Source information ->
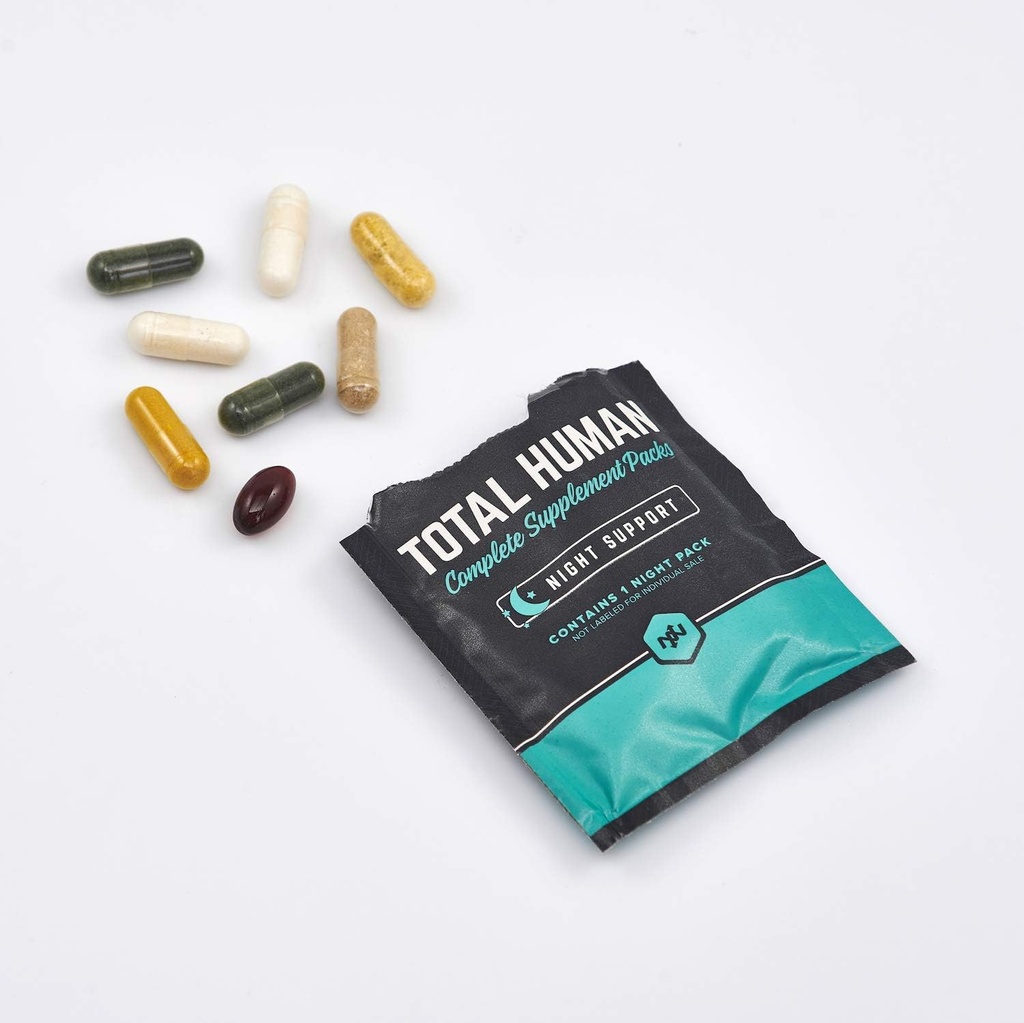 ONNIT Total Human + Alpha Brain 90ct + New Mood 60ct Stack 4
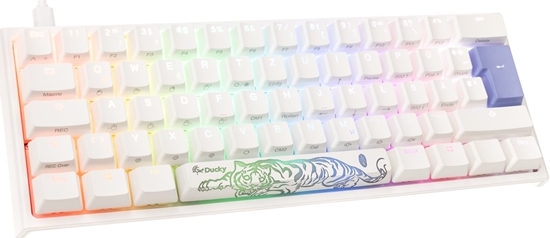 Picture of Klawiatura Ducky Ducky One 2 Pro Mini White Edition Gaming Tastatur, RGB LED - Cherry Brown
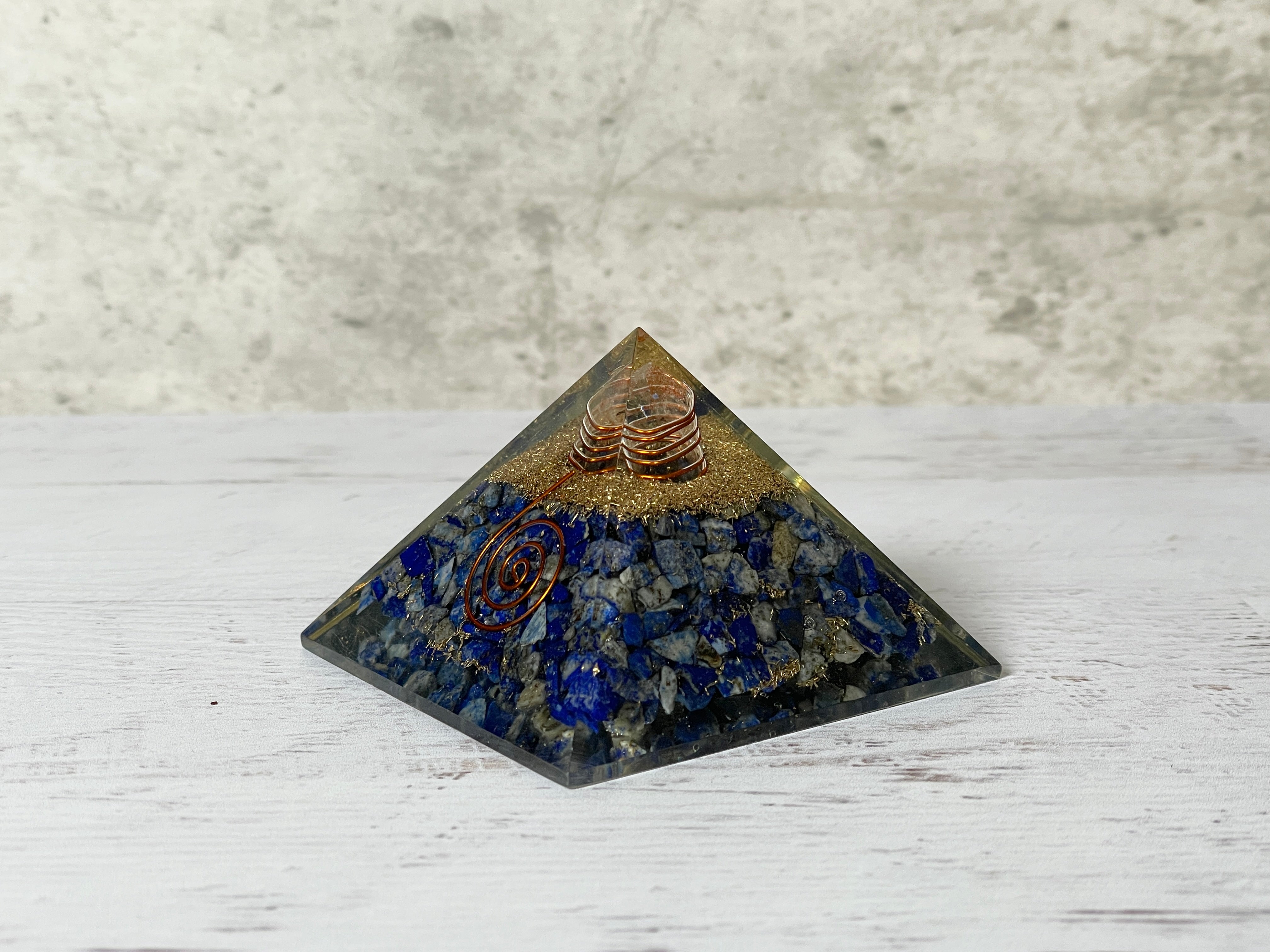 Buy Online Latest and Unique Orgonite Lapis Lazuli Pyramid | Shop Best Spiritual Items - The Mystical Ritual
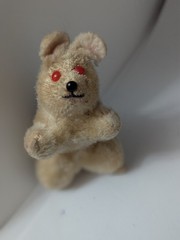 Vtg. Original Steiff Pieps Mouse Made in Germany Mohair/ Wool/Cotton 3 1/4″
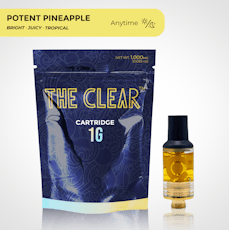 The Clear Original 1g Cart; Potent Pineapple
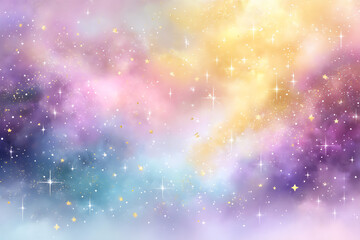 Fototapeta premium pastel starry background,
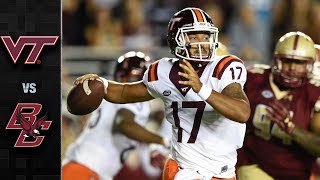 Virginia Tech vs Boston College Football Highlights 2017 [upl. by Dragoon548]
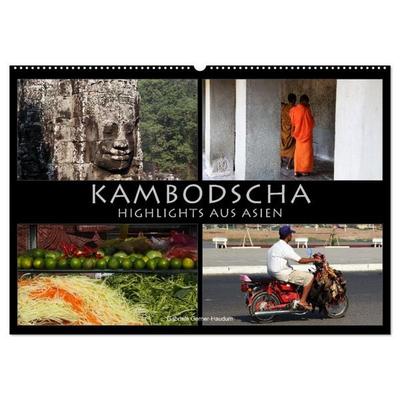 Kambodscha - Highlights aus Asien 2027 (Wandkalender 2027 DIN A2 quer), CALVENDO Monatskalender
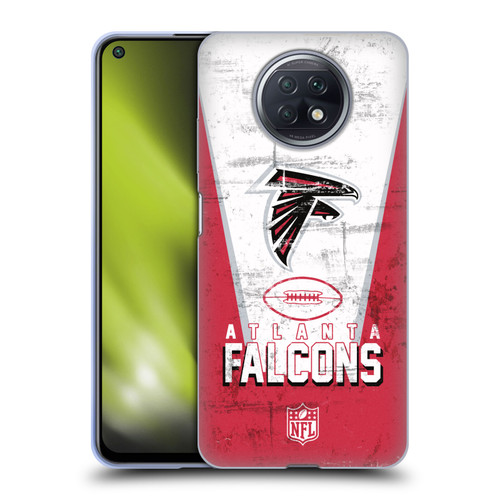 NFL Atlanta Falcons Logo Art Banner Soft Gel Case for Xiaomi Redmi Note 9T 5G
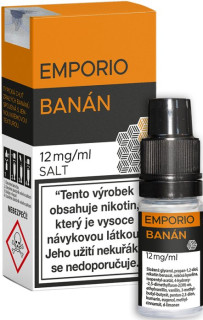 Liquid EMPORIO SALT Banán 10 ml - 12 mg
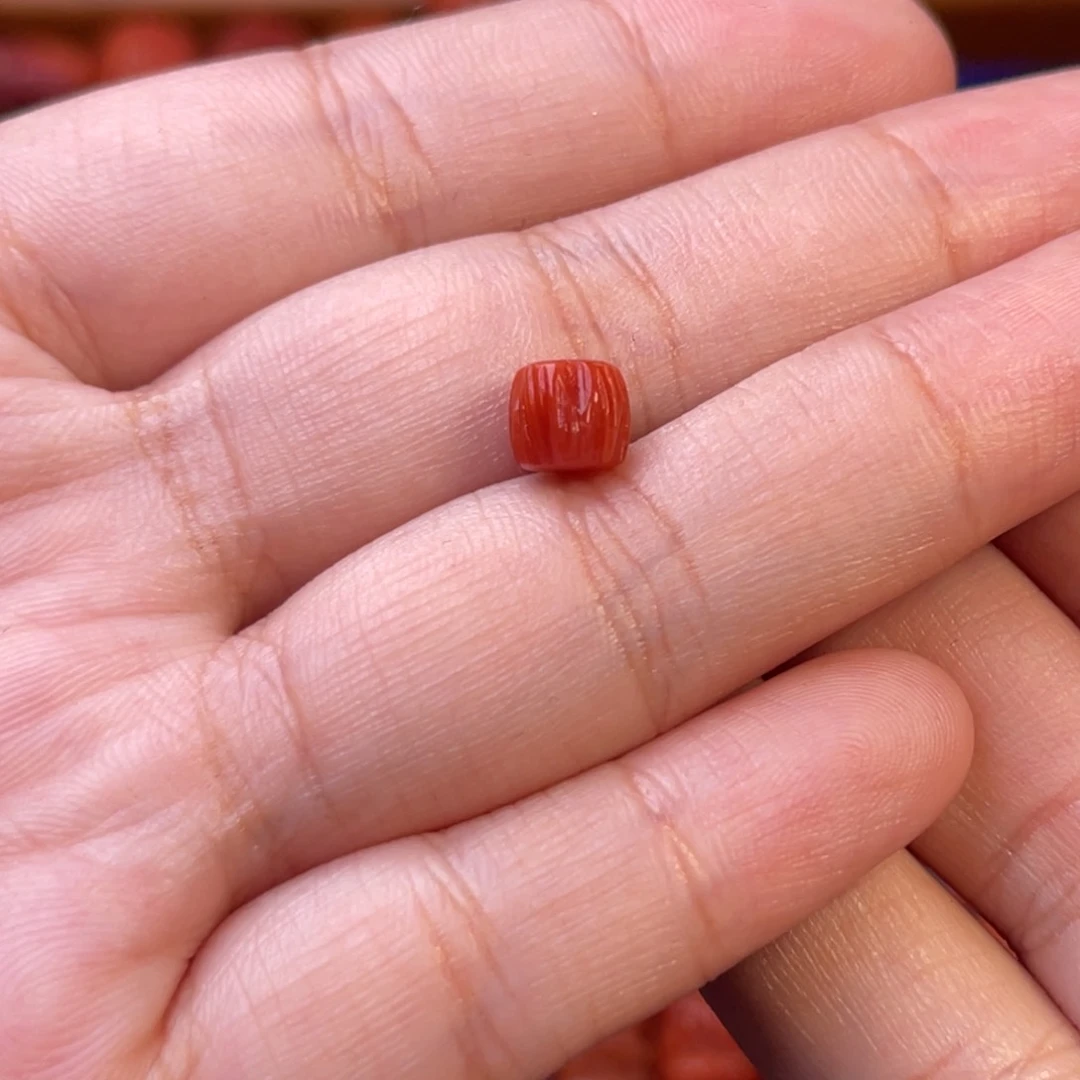 南红玛瑙天然川料瓦西百香单颗6✖️5左右尺寸未镶嵌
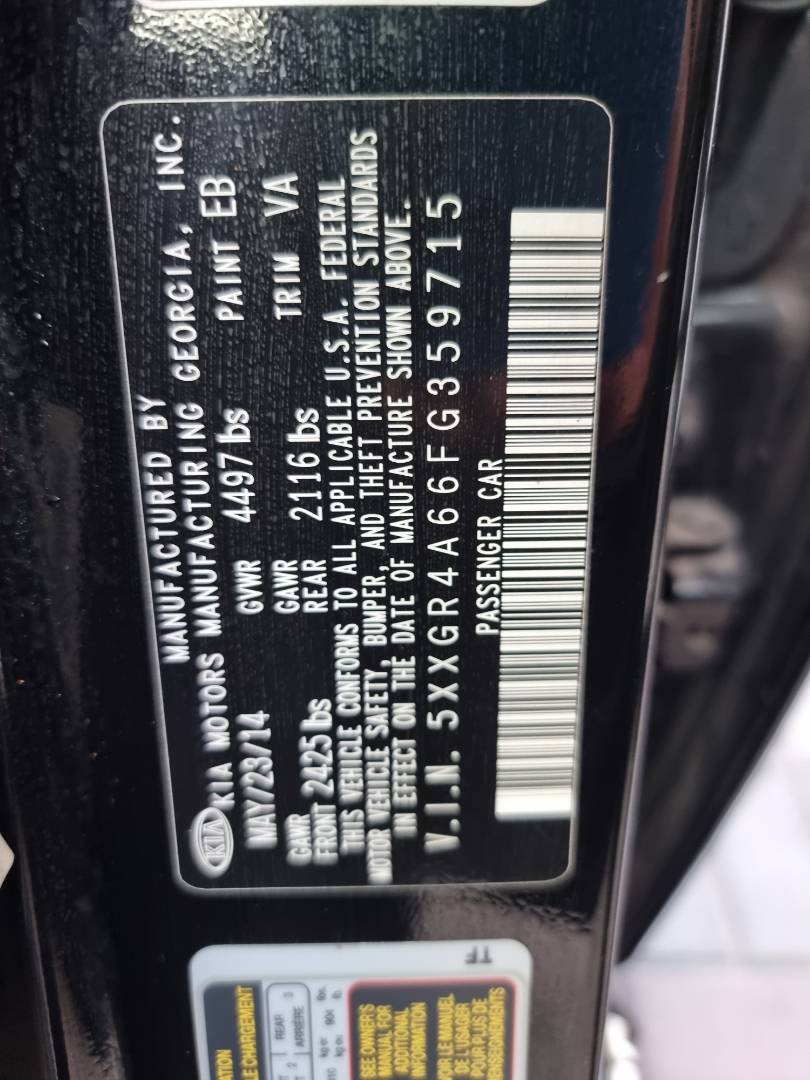 2015 KIA OPTIMA — 203761 Miles — Lot 66FG359715 — Ind. 12 - Marhaba Auctions Used Cars - Image 9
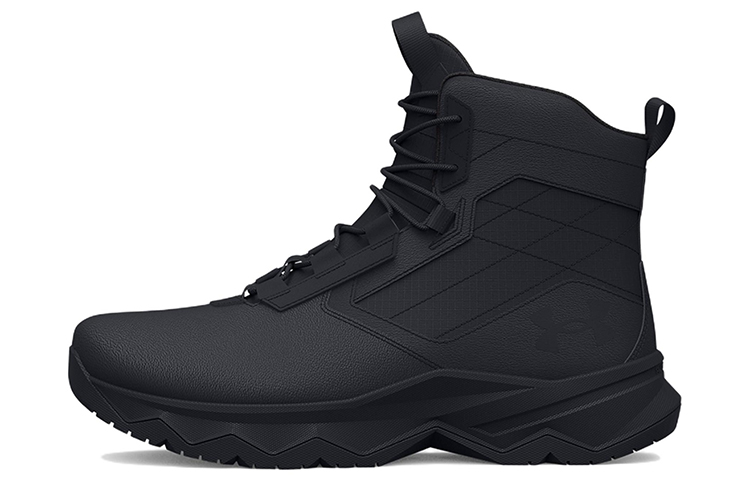 Under Armour Stellar G2 6-Inch Side Zip 'Black Pitch Grey' 3025579-001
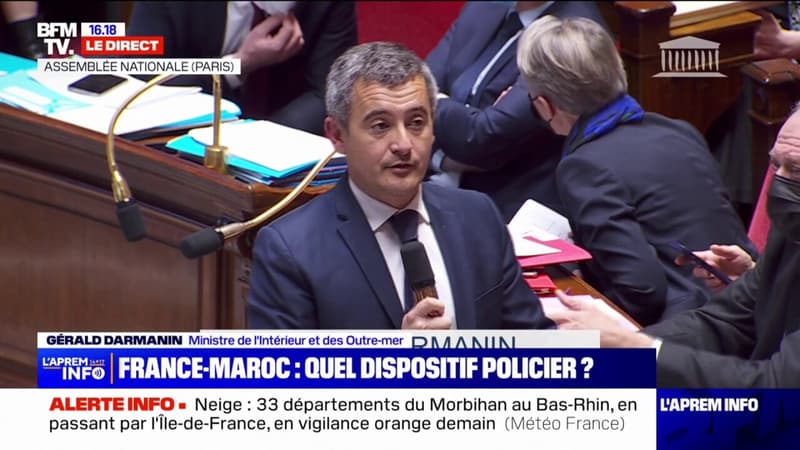 France-Maroc: Gérald Darmanin interpellé sur le dispositif policier à l'Assemblée nationale
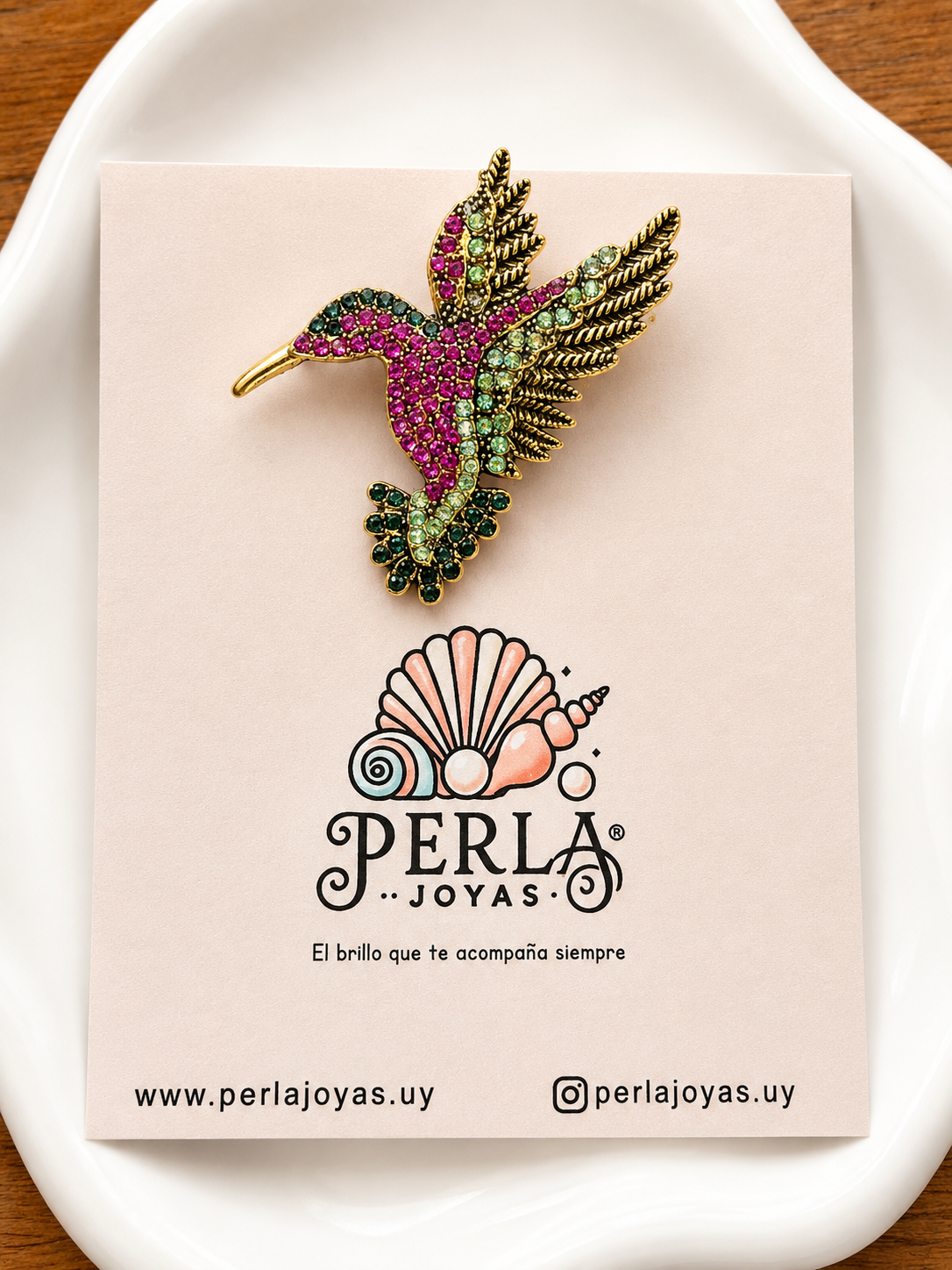 Prendedor Colibrí Fuccia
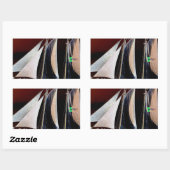 帆の下のボート 長方形シール (シート)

About this task -> Pictures stay out. Return exactly the lines from the one with "France-Maroc: Gérald Darmanin" through the last line of the data.

Solution to this problem ->
 France-Maroc: Gérald Darmanin interpellé sur le dispositif policier à l'Assemblée nationale
 Prendedor Colibrí Fuccia
 帆の下のボート 長方形シール (シート)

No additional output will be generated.